Yes, you need to used the "advanced" check box, or:
https://www.metabunk.org/curve/?d=6&h=1000&r=6371&u=m&a=a&fd=60&fp=3264
These numbers are notoriously tricky, as you need to be very clear about exactly what you are calculating and ensure you're using the same underlying terminology and constants. For a detailed discussion of some of the issues, see:
https://www.metabunk.org/threads/are-lynchs-horizon-calculations-correct.7877/
Generally, you are concerned with how things look in photos, so really calculating it in pixels (or % of the height of the image) is the most practical end result.
In an interview Neil deGrasse Tyson said about Felix Baumgartner's 39 km jump: "At that height you don't see the curvature of the earth. That stuff is flat!" (Watch the video from 38:20 on)
Source: https://www.youtube.com/watch?v=0FMGTVCIDbU&t=2300s
In the context of the interview, it's obvious what Tyson was trying to say. Of course the flat-earthers took his phrase "That stuff is flat!" literally repeating it gleefully. (Read also the conversation here:
https://www.metabunk.org/threads/debunked-neil-degrasse-tyson-that-stuff-is-flat.10723/. Mick West commented there: But on the face of it his [Tyson] assertion that "you don't see the curvature of the earth" from 128,000 feet is just flat wrong.)
Should Tyson said: "At that height you don't see the curvature because it is so small." Or being more specific: "If the field of view is 60 degrees, the left-right drop angle is only xxx degrees." But how large is this angle xxx?
When you look at the horizon and your field of view is, let us say, 60 degrees, you see a circular segment ⌓. The height of this segment is called sagitta (or bulge). So we can ask, at which angle you see this sagitta (or what is the sagitta's angular size)?
This question has bothered me a long time. So I was happy to find the answer by Walter Bislin:
http://walter.bislins.ch/bloge/index.asp?page=Calculating+left-right+Horizon+Drop. It's purely a geometric problem to find the angle δ when R, h and α are known. Below is Bislin's general solution put together as one formula (1).
Here you get the angle δ in radians. Transform it to degrees by multiplying by 180/π.
The inequality in the "under the condition that"-expression means, that the field of view must not be too large. Otherwise the sides of the viewing angle will not touch the ball at all. The sketches below try to clarify this idea in the case where h = R. Note that the views are still in 3D. So the field of view angle α might look a little bizarre. Here δ is the angle at which the sagitta s is seen from point A. The values of δ are calculated with the formula (1).

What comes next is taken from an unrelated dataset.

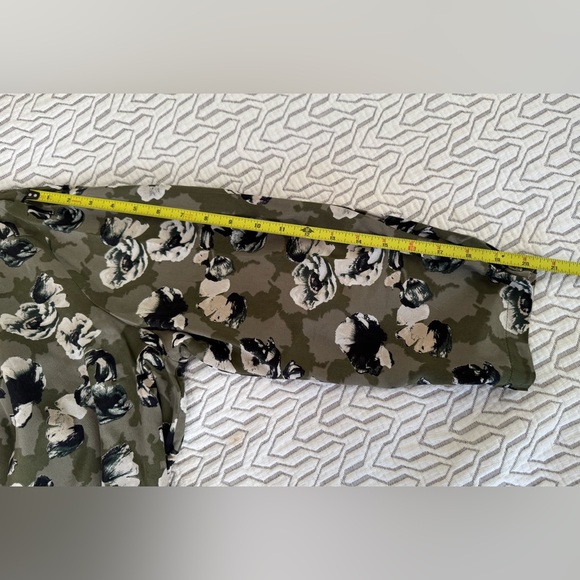 Banana Republic Pull On Silk Blouse Sz XL - Picture 8 of 9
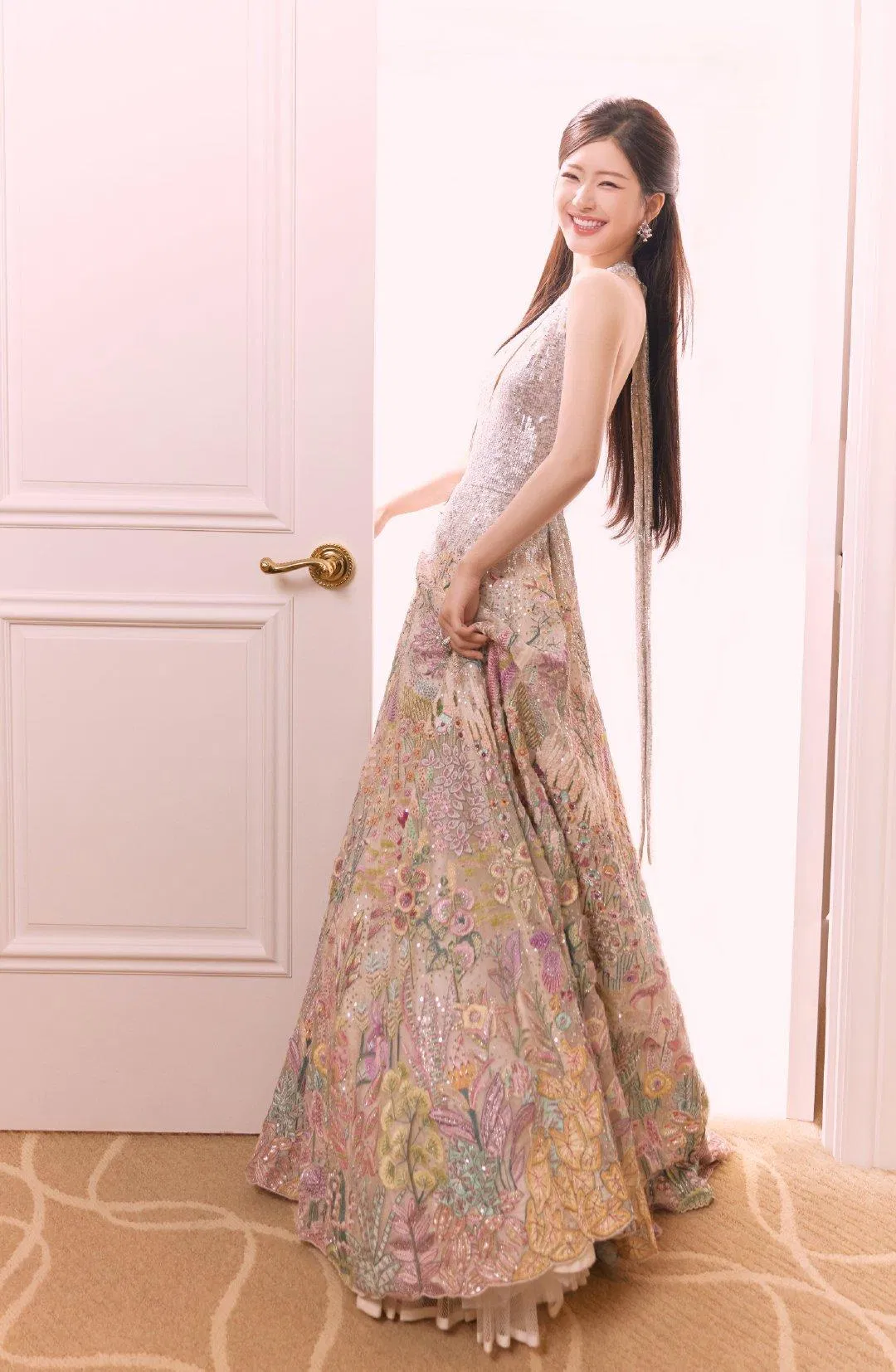 Do đặc tính công việc nên nữ diễn viên có khá nhiều mẫu đầm dạ hội đặc sắc và đa dạng kiểu dáng (Nguồn: internet)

So this is the answer I've been looking for. Now I can say in the case of Felix Baumgartner's 39 km jump:
If your field of view is 60 degrees, the left-right drop angle δ is only 0.98323 degrees. So the curvature of the horizon is really hard to see without proper measurements.
But is this the right answer after all?
Walter Bislin's calculator gives HorLftRgtDrop∠ = 0.65462°. It's about 2/3 of the value of δ which is 0.98323°. The difference is remarkable. Certainly there is a reason for this difference, but Bislin doesn’t tell what it is.
Metabunk calculator gives corresponding information: "Horizon Curve refers to how much the left and right ends of the horizon are vertically lower than the middle of the image, measured in various ways. Horizon Curve Angle = Horizon Curve height expresses as a visual angle. There are two ways of calculating this which are very similar for most heights."
In the case of Felix Baumgartner's 39 km jump these values are:
– Horizon Curve Angle v1= 0.96842
– Horizon Curve Angle v2 = 0.98215
Especially v2 is at small heights almost the same as δ. In bigger heights it differs more though.
So neither calculator gives the value δ = 0.98323. Maybe the values that calculators give are more useful in analysing photographs. I really know nothing of that topic. Maybe Mick could clarify this topic a little bit? And could this pure geometric value δ be added in the calculator as reference like v0?
I would be very happy with δ. I still think it's the best and unambiguous answer to the question "How big was the curve that Baumgartner saw?" Am I wrong?
Moreover I have a worry on my mind. If some pedantic flat-earther checks the angular size of the sagitta in Metabunk and Bislin calculators, he may find three (or four) different values. That's where the cry begins: THEY even contradict themselves!